TASK GOAL — Working from the records below, return word for word the line that contains "Shadow of a man with an umbrella" and each line after it, ending with the last. Skip all pictures.

########################################

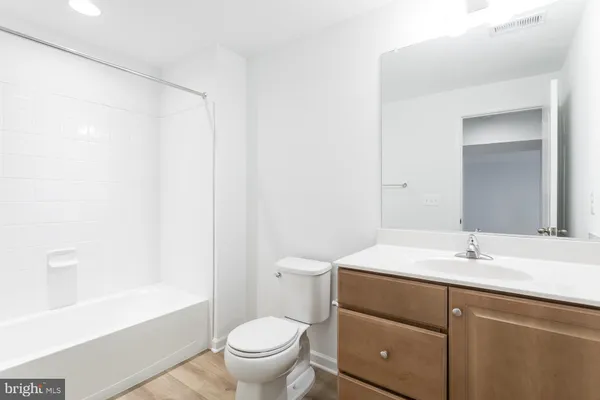 a bathroom with a sink a toilet and a bathtub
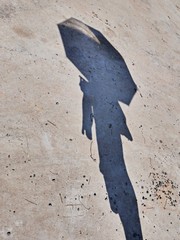 Shadow of a man with an umbrella
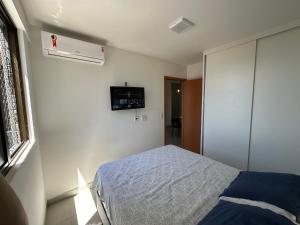 1 dormitorio con 1 cama y TV en la pared en Studio Design APT 401 Novo na Ponta Verde, en Maceió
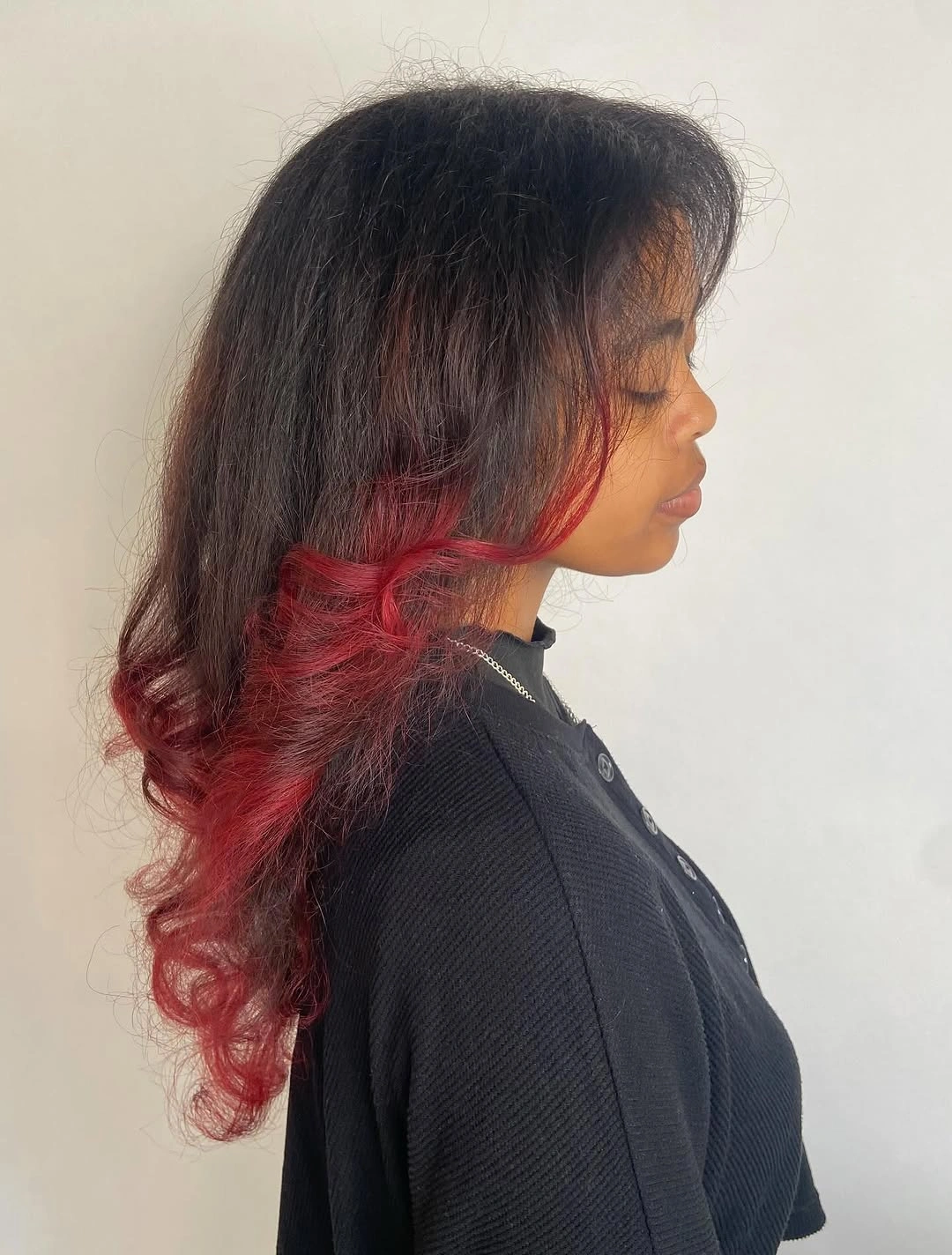 fall haircuts for women 2026 Dimensional Layers With Bold Burgundy Accents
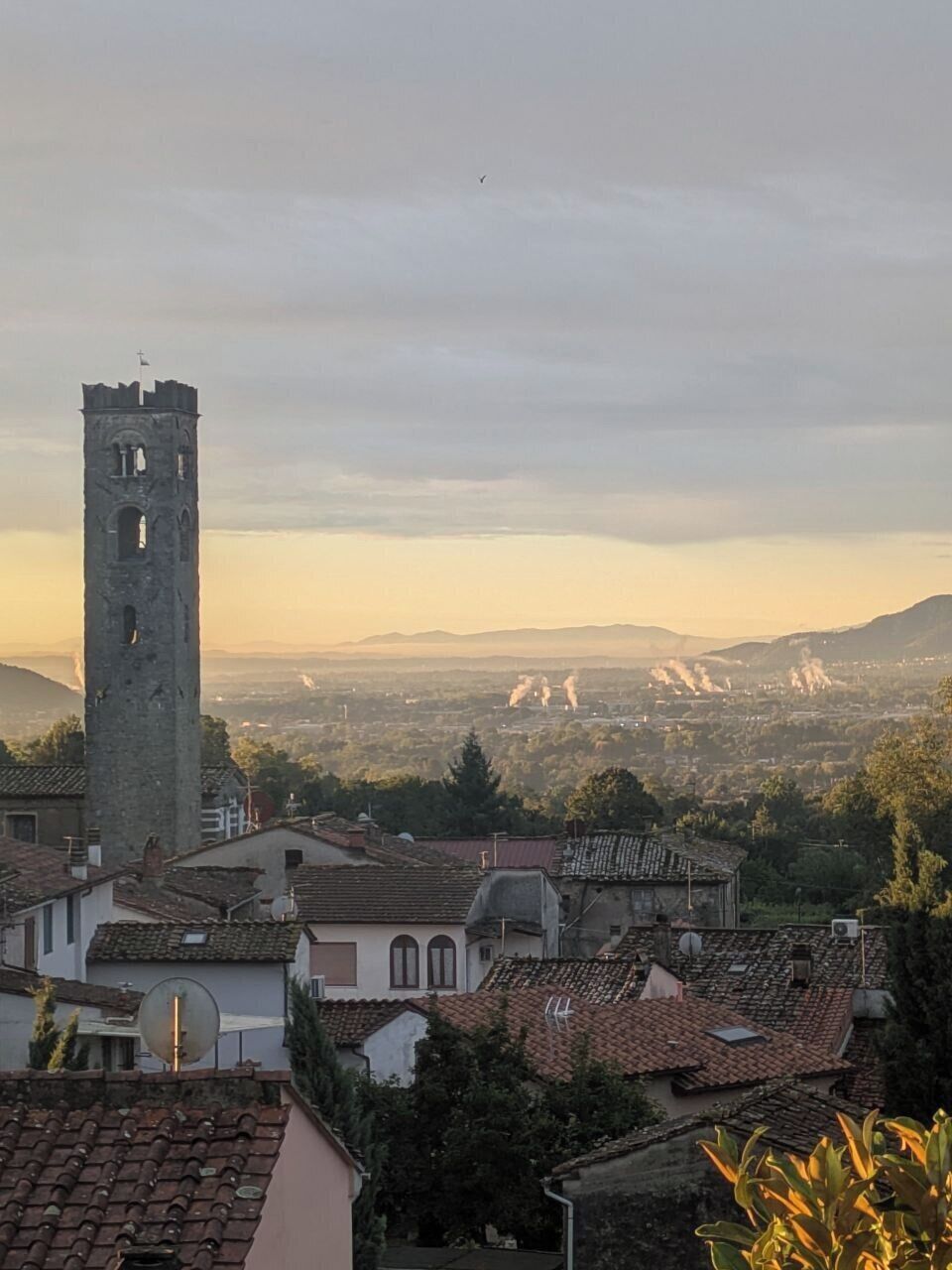 Ein Turm mit einer Uhr, umgeben von traditionellen Gebäuden mit roten Ziegeldächern.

########################################

ANSWER TO THE EXERCISE —
 Shadow of a man with an umbrella
 1 dormitorio con 1 cama y TV en la pared en Studio Design APT 401 Novo na Ponta Verde, en Maceió
 fall haircuts for women 2026 Dimensional Layers With Bold Burgundy Accents
 Ein Turm mit einer Uhr, umgeben von traditionellen Gebäuden mit roten Ziegeldächern.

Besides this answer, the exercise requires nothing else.